Do you need more proof that this years team is not as bad as fans have made them out to be? Look at our pitching staff. This years pitching staff, as a whole, were better then the 2008 team’s, even with Kevin Gregg blowing saves. The ERA was slightly better this year, posting a 3.84 ERAA, as opposed to an 3.87 the year before. This years club also struck out eight more batters, in one less game. Keep in mind that the Cubs top four starters each missed at least two starts, some missing more. As a whole, they likely missed about 12-15 games combined. While they didn’t lose all the starts that their replacements made, they would likely have had better outing and brought the team a few more wins.
Am I being a bit of a homer here? You could easily say that I am, But at the same time, I am being completely honest. This ball club was nowhere near as bad as people are saying. Sure, Hendry traded away some fan favorites and made a few mistake signings, but they did not make this team bad. This team had the talent to compete, and would have lasted a lot longer in the divisional race had they not been completely decimated by injuries. You can say that the Milton Bradley signing doomed this years ball club, you can say that the trade of Mark DeRosa killed this ball club, but that is not the case whatsoever. This years team was just as good as last years team. In fact, you could even say that this years team was, in fact, better then last years team. If Ramirez, Soriano and all the pitchers were healthy all year, the Cubs would have surpassed last years win total. You can deny that all you want, offer up all the reasons and all the excuses you can think of; but you know that I am not far off base.
The end justifies the means, so yes, this years team was worse then last years. You can also use what ifs for every team in baseball to get whatever message you want across. Perhaps that is what I am doing, but my logic here is very realistic. The 2009 Cubs should have had a better record then the 2008 version.
Now that the Chicago Cubs season has officially ended, or at least realistically, lets look back and see where everything went wrong. You can point fingers at whomever you wish, but you would still only be partially correct in your assumption. There are several factors which by themselves could have been enough to cripple a team for the year, but when you put them all together you get sure fire disaster. While I am sure that I will overlook a few things which added to the failure of the 2009 Cubs, I believe that the following is what contributed the most to the demise and heartbreak.

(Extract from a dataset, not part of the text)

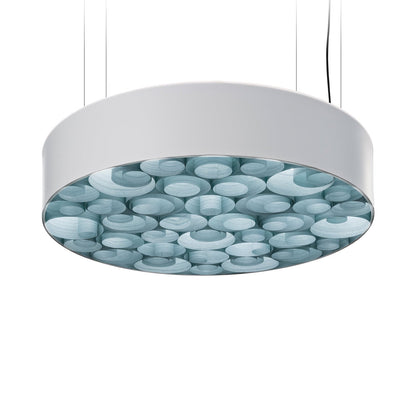 Spiro LED Pendant Light in Sea Blue/Matte White.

In order to properly start the autopsy of the 2009 Cubs, we need to go back to the end of the 2008 season, when the Cubs were swept by the Los Angeles Dodgers. Not long after the series ended, Cubs Manager Lou Piniella threw out a statistic which showed that not one time in the entire season, including regular season games, did the Dodgers use a left handed pitcher against us. Using that as a jumping point, he claimed that the Cubs were too right handed, and he wanted to add some left handed bats to the lineup. One of the casualties of this statement was Mark DeRosa who quickly gained popularity with the Cub’s faithful fans. With his departure, the Cubs lost a big part of the clubhouse, and in the long run, helped to strengthen the competition when the Cleveland Indians traded him to the St. Louis Cardinals.
There are a few reasons why DeRosa was traded, one of which was that Piniella wanted to become more left handed in the batting order. Other then the desire to become more left handed, one factor which was rumored, was that Piniella wanted DeRosa gone because of his comments after the Cubs lost their second game in the National League Division Series, where he said that the Cubs backs are “against the wall”. That statement upset Piniella. Whether or not that rumor is true, I don’t know. Another reason why DeRosa was looked at as being dispensable was because of the surprising play of Mike Fontenot. The way he played throughout the 2008 season in limited playing time, fans were clamoring for him to get more playing time. When he was given that chance this year, he showed that he is not an everyday second baseman, as his batting average plummeted into the low .200s. If Fontenot had performed up to expectations, there would be a lot less fans disappointed that DeRosa was traded. Finally, the financial reason for his trade has to be mentioned. They had to trade him to free up some room in order to have enough money to sign a free agent who could bat left handed. While Cubs General Manager will ultimately get the blame for the trade, he was only doing what a good GM will do. Give his manager the team he wants.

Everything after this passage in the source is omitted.